Scientists at NASA's Goddard Space Flight Center in Greenbelt, Maryland, recently received samples of the lunar surface It is understood that since the Apollo 17 astronauts were returned to earth in December 1972, these samples have been carefully stored in a freezer at NASA Johnson Space Center in Houston.
This research is part of the Apollo next generation sample analysis program (angsa). This is an effort to study samples returned from the Apollo program in advance of the upcoming Artemis mission to the moon's south pole.
However, the process of sending samples from Johnson to Goddard - and researchers at NASA Ames Research Center in Silicon Valley, California, the Naval Research Laboratory in Washington, D.C., and the University of Arizona in Tucson - is much more difficult than you think. It was a process that began more than four years ago, when NASA's Julie Mitchell and her Artemis curator team in Johnson began designing and modifying a facility to handle frozen Apollo 17 samples. This is a new method, and scientists are excited about adopting a technology that can be applied to future lunar missions.

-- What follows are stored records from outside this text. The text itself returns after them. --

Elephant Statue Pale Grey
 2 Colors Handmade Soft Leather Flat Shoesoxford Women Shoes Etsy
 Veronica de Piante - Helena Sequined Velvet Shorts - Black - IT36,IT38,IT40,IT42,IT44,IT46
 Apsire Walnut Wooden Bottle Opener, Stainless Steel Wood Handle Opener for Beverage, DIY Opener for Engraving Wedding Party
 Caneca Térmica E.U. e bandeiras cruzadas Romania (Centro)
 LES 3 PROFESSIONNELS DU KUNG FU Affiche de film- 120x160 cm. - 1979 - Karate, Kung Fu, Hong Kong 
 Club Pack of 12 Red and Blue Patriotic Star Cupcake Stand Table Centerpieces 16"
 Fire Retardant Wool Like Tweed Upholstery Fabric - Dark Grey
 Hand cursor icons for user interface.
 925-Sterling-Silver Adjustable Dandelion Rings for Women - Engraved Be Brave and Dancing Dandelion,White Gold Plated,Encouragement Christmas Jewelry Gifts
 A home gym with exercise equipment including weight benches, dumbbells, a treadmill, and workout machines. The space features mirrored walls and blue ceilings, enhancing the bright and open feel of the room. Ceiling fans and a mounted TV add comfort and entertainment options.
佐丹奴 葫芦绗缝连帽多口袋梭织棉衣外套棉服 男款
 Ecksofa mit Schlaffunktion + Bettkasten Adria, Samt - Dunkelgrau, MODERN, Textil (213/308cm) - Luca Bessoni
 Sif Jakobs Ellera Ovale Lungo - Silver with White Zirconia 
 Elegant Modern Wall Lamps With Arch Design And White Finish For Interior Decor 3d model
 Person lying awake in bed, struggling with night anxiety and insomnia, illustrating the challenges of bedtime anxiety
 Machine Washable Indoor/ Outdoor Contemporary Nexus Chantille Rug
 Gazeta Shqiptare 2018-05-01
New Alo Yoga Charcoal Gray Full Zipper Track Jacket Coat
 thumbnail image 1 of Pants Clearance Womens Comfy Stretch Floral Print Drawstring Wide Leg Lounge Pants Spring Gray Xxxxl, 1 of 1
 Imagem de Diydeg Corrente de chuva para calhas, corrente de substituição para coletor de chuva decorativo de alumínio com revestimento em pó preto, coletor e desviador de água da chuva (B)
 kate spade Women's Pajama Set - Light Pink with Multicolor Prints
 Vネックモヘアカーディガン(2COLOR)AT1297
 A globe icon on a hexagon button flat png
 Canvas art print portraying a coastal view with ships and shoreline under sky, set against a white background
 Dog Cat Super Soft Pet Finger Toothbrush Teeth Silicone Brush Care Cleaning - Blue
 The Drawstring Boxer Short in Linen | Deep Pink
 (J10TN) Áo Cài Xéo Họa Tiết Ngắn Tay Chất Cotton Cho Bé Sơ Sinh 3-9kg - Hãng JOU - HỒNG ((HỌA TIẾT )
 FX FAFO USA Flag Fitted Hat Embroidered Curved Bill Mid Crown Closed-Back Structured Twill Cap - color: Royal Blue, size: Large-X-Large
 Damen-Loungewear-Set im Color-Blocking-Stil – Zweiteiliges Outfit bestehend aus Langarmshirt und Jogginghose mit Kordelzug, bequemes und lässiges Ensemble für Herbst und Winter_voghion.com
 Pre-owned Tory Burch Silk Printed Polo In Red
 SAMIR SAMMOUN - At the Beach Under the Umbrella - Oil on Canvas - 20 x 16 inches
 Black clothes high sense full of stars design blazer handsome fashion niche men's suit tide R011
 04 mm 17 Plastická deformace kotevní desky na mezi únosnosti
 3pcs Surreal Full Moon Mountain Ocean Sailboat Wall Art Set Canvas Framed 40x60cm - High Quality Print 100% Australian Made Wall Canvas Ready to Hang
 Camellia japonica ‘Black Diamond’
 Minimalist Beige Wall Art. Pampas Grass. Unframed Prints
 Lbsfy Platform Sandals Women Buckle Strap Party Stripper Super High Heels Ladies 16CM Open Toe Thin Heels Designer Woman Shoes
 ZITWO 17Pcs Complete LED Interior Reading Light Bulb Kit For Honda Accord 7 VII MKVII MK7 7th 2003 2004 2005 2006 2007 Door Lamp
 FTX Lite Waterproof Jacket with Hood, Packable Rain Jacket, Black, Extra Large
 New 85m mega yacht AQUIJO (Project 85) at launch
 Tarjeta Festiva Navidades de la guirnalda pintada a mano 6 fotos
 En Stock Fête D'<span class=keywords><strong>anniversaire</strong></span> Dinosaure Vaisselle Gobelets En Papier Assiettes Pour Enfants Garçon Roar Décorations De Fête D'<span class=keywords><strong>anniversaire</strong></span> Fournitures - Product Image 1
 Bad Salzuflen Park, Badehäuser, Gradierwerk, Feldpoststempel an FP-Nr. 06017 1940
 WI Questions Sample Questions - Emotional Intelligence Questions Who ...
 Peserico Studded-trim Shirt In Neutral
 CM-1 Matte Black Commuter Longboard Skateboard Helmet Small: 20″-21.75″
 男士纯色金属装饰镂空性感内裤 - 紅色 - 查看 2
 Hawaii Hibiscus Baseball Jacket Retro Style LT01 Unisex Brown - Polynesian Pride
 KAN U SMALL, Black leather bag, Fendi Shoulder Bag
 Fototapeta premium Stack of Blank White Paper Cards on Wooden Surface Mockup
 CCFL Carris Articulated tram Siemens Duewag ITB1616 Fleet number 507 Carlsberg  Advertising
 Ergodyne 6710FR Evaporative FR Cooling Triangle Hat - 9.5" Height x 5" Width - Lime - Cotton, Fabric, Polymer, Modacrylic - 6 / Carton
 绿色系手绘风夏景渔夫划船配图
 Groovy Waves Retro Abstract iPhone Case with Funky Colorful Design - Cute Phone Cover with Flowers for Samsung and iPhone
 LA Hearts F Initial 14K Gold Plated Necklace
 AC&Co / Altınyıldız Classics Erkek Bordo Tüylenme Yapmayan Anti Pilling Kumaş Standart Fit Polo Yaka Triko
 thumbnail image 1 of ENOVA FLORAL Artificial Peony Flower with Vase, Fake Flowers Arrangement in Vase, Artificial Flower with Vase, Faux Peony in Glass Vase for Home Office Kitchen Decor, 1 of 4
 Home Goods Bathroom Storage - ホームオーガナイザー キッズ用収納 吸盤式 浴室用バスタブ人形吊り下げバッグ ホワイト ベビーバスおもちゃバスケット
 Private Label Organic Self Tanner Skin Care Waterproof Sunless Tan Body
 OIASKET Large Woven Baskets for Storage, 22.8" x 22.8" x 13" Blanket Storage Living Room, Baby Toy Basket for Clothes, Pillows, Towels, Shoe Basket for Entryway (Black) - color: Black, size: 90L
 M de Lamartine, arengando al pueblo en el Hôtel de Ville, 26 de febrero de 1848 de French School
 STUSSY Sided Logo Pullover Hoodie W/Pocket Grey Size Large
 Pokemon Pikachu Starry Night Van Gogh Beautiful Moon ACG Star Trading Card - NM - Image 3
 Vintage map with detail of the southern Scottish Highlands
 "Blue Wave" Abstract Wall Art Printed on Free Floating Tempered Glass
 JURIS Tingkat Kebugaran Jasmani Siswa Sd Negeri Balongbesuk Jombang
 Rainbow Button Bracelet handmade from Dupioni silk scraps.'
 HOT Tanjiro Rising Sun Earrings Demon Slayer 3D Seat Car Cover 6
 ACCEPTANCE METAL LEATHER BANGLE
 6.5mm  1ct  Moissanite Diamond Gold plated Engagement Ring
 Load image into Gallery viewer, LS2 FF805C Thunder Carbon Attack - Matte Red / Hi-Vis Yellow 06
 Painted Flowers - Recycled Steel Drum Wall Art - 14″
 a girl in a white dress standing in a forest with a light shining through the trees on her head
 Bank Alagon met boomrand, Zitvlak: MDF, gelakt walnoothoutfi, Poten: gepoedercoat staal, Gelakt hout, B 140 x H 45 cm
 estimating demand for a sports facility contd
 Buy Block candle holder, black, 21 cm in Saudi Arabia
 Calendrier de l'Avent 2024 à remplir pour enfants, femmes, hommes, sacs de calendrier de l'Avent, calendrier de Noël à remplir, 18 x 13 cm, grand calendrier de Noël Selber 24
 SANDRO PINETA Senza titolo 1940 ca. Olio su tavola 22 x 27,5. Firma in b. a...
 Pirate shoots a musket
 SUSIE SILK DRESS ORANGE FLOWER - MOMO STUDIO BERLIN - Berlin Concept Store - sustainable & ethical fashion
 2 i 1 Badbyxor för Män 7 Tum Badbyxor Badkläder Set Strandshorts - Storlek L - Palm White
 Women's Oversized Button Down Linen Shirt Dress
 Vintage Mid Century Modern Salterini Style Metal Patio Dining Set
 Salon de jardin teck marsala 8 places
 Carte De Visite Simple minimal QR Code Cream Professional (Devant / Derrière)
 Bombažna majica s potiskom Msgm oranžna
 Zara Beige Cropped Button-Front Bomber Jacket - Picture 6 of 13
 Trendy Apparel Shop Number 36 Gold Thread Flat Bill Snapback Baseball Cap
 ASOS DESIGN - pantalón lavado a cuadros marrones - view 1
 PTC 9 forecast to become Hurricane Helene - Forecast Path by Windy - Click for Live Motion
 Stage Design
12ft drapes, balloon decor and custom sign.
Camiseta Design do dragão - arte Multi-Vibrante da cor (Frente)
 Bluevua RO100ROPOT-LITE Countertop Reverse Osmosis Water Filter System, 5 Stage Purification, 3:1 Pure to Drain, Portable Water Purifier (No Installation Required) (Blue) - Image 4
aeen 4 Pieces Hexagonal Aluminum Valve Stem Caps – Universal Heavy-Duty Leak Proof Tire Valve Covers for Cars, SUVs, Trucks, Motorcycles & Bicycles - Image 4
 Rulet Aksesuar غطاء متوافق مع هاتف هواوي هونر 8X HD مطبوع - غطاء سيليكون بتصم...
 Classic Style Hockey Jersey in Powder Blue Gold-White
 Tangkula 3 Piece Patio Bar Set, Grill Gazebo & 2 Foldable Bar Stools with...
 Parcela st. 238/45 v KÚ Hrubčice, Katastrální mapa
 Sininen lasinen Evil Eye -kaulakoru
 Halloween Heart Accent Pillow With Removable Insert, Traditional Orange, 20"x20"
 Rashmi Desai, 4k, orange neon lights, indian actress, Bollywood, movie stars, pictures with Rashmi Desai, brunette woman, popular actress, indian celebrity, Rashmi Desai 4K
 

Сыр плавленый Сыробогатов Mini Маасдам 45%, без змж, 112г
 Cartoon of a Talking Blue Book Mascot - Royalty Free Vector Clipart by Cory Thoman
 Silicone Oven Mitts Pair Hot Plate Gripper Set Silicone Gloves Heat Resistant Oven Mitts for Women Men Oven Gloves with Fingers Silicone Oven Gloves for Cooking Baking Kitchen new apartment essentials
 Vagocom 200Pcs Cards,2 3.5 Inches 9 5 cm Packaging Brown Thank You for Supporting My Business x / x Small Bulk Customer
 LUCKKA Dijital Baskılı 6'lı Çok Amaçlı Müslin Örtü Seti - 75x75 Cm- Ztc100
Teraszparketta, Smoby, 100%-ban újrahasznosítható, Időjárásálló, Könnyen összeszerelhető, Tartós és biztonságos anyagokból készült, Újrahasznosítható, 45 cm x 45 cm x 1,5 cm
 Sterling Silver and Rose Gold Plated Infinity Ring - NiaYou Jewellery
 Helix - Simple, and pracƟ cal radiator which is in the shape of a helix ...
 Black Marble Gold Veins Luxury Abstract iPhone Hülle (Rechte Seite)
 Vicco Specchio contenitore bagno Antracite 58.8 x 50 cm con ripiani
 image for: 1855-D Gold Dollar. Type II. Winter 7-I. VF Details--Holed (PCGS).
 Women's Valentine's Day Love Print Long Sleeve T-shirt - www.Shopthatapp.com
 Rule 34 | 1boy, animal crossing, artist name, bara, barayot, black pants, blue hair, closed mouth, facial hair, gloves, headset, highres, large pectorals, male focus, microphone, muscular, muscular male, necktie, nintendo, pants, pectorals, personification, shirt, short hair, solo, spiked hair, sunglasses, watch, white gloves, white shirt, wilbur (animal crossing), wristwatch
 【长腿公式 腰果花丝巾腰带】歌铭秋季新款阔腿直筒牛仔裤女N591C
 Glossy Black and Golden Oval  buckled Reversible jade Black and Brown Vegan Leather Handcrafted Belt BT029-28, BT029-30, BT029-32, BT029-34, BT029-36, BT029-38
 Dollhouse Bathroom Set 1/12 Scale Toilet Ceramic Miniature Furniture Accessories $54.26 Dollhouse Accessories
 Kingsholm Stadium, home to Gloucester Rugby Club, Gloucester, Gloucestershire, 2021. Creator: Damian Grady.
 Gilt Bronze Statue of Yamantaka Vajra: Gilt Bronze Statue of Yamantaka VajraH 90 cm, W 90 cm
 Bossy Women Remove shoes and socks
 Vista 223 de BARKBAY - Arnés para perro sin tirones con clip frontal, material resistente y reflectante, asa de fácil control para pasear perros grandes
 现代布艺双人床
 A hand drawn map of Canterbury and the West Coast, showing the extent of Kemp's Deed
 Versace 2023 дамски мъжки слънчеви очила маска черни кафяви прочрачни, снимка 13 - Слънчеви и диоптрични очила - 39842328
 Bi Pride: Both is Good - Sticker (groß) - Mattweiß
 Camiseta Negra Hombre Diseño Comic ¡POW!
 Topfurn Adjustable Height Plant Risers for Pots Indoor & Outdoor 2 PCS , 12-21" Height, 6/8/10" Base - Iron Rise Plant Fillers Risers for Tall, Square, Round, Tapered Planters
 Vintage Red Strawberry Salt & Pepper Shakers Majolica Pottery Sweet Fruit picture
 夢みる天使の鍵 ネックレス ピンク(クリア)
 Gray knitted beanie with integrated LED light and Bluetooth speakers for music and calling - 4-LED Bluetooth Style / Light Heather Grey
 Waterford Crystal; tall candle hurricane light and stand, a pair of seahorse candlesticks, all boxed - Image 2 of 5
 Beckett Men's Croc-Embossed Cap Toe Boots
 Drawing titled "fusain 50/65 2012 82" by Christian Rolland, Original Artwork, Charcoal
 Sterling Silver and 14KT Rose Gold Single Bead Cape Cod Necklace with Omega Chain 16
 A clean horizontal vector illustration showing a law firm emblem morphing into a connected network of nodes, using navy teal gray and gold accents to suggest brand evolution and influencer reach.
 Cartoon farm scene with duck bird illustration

"We started this work in early 2018, and we need to face many technical challenges, which we must overcome in order to get to this step. This is seen as a practice of preparing facilities for future cold sample processing," Mitchell said.
Later, she added: "by doing this work, we have promoted not only the exploration of Artemis, but also the return of future samples and human exploration of other parts of the solar system. I am very honored to contribute by developing the ability to collect these materials for us, so as to take them home safely and preserve them for a long time."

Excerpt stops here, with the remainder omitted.